# WHAT IS NEEDED:
Repeat only the lines below from the one containing "2025年的线上不看征信的小" through the one containing "Nueva metodología para", inclusive, exactly as written.

# INPUT MATERIAL:
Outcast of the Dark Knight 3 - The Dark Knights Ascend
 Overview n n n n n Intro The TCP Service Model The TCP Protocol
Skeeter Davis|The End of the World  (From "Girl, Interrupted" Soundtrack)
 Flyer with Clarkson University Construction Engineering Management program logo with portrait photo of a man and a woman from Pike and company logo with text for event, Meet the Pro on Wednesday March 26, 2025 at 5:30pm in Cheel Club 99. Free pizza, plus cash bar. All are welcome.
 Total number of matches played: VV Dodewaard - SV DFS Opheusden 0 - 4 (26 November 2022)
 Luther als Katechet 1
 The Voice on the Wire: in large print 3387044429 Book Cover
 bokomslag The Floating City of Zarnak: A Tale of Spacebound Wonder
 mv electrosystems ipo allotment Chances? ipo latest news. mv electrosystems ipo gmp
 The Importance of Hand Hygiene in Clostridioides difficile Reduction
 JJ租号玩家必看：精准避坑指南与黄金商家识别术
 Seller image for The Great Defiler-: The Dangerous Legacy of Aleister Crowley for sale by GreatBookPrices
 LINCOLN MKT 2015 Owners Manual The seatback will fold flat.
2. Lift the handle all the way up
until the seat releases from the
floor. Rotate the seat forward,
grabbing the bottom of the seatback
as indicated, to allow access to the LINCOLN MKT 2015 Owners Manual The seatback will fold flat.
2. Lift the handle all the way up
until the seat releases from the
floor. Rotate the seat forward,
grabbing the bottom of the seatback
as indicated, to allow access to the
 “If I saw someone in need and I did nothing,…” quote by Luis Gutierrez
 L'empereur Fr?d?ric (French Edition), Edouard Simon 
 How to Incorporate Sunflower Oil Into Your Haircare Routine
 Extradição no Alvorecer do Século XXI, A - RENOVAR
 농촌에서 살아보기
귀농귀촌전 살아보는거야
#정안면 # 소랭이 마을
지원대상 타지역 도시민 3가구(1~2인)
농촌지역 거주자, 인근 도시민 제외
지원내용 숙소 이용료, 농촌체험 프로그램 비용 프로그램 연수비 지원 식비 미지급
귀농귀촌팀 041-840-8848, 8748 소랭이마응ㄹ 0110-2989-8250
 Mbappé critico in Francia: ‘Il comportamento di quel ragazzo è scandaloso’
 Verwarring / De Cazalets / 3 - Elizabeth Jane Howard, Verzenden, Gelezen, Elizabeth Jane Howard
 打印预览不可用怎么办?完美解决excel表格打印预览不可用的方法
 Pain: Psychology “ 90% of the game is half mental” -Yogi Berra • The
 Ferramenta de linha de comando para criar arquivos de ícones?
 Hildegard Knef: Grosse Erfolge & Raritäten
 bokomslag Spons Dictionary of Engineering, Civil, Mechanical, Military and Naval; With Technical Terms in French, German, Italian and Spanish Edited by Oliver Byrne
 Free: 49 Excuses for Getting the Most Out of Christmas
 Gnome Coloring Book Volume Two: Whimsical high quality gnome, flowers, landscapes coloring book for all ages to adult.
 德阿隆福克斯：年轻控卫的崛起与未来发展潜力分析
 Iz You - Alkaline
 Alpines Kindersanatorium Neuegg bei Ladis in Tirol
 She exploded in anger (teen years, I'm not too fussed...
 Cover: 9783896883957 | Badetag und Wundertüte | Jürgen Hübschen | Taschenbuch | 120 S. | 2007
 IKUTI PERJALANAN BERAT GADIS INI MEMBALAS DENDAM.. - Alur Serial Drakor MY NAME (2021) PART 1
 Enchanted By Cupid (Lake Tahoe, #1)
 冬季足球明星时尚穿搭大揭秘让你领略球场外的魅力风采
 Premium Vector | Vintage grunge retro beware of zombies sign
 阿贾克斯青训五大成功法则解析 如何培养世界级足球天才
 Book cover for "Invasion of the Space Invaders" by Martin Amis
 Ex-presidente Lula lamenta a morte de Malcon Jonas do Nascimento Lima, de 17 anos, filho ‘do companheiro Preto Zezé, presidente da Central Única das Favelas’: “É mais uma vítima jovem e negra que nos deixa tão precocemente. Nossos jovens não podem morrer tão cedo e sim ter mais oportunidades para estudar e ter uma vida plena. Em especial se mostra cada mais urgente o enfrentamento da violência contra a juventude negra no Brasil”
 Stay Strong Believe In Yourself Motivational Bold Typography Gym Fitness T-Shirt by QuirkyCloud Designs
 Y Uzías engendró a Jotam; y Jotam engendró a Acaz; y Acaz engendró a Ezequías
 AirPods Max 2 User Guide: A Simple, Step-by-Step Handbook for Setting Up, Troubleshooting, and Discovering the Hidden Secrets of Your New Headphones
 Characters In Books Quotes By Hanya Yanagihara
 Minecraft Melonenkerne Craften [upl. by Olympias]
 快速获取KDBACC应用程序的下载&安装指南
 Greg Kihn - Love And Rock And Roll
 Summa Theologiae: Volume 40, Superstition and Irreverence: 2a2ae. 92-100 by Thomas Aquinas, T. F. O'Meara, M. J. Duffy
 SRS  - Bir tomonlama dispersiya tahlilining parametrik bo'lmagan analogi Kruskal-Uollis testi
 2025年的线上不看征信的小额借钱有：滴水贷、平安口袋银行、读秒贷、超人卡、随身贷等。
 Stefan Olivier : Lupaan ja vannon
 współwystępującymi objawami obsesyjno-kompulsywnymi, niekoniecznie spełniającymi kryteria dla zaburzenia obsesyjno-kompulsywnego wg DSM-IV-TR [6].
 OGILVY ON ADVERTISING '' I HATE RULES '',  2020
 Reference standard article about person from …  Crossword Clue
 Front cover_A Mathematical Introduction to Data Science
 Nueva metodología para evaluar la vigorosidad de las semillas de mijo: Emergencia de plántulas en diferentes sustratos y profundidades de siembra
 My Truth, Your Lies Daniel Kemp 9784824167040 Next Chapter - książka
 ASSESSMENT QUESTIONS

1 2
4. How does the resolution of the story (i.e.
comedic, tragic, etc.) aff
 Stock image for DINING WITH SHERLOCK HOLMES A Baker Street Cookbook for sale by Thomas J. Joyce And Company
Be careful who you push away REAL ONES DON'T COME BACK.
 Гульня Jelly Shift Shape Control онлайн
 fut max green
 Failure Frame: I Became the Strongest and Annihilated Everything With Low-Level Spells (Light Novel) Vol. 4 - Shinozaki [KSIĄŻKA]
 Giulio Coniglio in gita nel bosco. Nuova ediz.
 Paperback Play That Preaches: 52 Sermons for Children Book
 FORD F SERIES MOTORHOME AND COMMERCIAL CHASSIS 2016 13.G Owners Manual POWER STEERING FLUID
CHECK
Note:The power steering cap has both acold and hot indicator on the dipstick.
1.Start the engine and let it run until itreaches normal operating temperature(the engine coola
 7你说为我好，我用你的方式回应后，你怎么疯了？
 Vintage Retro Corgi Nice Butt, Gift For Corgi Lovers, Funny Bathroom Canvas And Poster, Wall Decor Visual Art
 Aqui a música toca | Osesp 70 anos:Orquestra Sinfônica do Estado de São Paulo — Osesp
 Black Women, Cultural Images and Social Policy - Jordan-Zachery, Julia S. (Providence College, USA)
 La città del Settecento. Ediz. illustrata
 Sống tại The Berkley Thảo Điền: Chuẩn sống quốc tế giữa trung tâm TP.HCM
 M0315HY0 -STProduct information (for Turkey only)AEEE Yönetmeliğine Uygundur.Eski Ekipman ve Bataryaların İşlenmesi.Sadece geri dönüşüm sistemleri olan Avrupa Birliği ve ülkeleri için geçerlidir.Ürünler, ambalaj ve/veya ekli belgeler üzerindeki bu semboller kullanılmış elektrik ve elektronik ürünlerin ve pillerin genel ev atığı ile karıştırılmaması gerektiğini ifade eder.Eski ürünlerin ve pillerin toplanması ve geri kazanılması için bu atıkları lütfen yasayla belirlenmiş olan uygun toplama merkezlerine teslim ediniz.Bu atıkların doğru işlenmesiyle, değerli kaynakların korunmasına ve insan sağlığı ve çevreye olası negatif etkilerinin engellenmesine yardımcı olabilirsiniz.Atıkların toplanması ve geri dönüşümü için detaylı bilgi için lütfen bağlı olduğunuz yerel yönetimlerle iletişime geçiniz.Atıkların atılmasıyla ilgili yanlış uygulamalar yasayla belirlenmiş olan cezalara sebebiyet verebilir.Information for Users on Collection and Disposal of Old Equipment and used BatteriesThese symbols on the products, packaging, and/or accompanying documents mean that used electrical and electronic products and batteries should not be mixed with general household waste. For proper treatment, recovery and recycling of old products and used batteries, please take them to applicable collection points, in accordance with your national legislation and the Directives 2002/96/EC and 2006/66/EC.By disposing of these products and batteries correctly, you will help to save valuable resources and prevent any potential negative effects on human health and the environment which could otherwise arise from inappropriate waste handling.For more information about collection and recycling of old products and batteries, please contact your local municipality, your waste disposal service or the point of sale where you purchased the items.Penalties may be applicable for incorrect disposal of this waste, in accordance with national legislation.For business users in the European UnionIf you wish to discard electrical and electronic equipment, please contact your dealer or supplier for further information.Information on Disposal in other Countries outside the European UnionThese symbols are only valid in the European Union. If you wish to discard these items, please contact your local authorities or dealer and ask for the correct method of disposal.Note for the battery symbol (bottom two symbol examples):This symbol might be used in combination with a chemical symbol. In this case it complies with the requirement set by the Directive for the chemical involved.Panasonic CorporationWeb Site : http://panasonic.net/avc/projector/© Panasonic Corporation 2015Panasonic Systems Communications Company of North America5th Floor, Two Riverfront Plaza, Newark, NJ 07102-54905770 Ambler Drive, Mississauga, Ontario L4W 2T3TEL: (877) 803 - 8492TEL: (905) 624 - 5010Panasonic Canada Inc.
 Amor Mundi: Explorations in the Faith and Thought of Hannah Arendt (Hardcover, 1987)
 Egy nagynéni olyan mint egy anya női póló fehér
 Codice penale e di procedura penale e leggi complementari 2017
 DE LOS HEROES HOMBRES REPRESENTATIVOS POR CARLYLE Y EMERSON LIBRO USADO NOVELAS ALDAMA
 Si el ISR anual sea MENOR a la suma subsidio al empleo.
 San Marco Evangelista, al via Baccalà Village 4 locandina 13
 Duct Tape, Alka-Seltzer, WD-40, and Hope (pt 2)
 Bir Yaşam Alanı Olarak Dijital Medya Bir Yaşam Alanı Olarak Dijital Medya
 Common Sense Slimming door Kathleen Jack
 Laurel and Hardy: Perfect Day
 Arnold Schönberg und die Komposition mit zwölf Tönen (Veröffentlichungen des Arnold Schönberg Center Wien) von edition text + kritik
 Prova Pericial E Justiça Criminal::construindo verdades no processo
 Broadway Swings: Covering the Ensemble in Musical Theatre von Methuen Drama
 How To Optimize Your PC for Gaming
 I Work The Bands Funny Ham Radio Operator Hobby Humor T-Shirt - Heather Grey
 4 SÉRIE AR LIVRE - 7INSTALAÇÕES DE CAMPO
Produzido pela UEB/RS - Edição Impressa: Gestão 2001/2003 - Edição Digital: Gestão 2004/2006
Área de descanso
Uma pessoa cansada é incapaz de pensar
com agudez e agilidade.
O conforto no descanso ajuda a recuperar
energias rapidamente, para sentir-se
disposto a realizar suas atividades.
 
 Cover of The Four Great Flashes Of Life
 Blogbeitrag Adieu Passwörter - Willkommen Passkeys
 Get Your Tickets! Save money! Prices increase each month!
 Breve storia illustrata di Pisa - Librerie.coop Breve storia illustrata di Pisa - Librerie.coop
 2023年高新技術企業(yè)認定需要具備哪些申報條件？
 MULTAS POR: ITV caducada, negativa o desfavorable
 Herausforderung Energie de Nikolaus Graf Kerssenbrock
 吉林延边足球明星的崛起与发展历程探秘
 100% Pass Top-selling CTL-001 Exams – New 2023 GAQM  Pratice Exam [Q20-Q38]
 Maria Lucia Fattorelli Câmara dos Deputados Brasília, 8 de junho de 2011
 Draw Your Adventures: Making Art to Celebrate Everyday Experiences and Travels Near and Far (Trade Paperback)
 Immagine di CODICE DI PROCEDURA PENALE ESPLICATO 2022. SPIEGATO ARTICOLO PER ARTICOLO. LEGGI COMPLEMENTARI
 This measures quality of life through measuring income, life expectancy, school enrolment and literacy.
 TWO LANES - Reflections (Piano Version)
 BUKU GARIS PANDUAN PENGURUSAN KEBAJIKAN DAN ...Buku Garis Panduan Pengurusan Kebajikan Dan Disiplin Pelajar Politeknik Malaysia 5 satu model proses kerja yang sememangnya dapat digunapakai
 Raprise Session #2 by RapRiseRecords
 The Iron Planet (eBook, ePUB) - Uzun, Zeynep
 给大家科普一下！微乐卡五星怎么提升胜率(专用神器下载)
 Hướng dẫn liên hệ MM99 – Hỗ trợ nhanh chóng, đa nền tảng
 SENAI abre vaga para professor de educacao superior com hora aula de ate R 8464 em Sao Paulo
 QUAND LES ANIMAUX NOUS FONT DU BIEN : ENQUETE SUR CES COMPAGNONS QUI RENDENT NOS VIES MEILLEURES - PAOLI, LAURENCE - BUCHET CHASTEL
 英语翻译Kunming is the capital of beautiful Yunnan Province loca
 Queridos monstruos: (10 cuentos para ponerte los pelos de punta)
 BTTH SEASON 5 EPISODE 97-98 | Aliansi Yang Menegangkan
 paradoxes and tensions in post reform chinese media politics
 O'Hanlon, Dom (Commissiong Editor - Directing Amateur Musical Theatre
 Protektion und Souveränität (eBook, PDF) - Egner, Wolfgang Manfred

# OUTPUT OF THE TASK:
 2025年的线上不看征信的小额借钱有：滴水贷、平安口袋银行、读秒贷、超人卡、随身贷等。
 Stefan Olivier : Lupaan ja vannon
 współwystępującymi objawami obsesyjno-kompulsywnymi, niekoniecznie spełniającymi kryteria dla zaburzenia obsesyjno-kompulsywnego wg DSM-IV-TR [6].
 OGILVY ON ADVERTISING '' I HATE RULES '',  2020
 Reference standard article about person from …  Crossword Clue
 Front cover_A Mathematical Introduction to Data Science
 Nueva metodología para evaluar la vigorosidad de las semillas de mijo: Emergencia de plántulas en diferentes sustratos y profundidades de siembra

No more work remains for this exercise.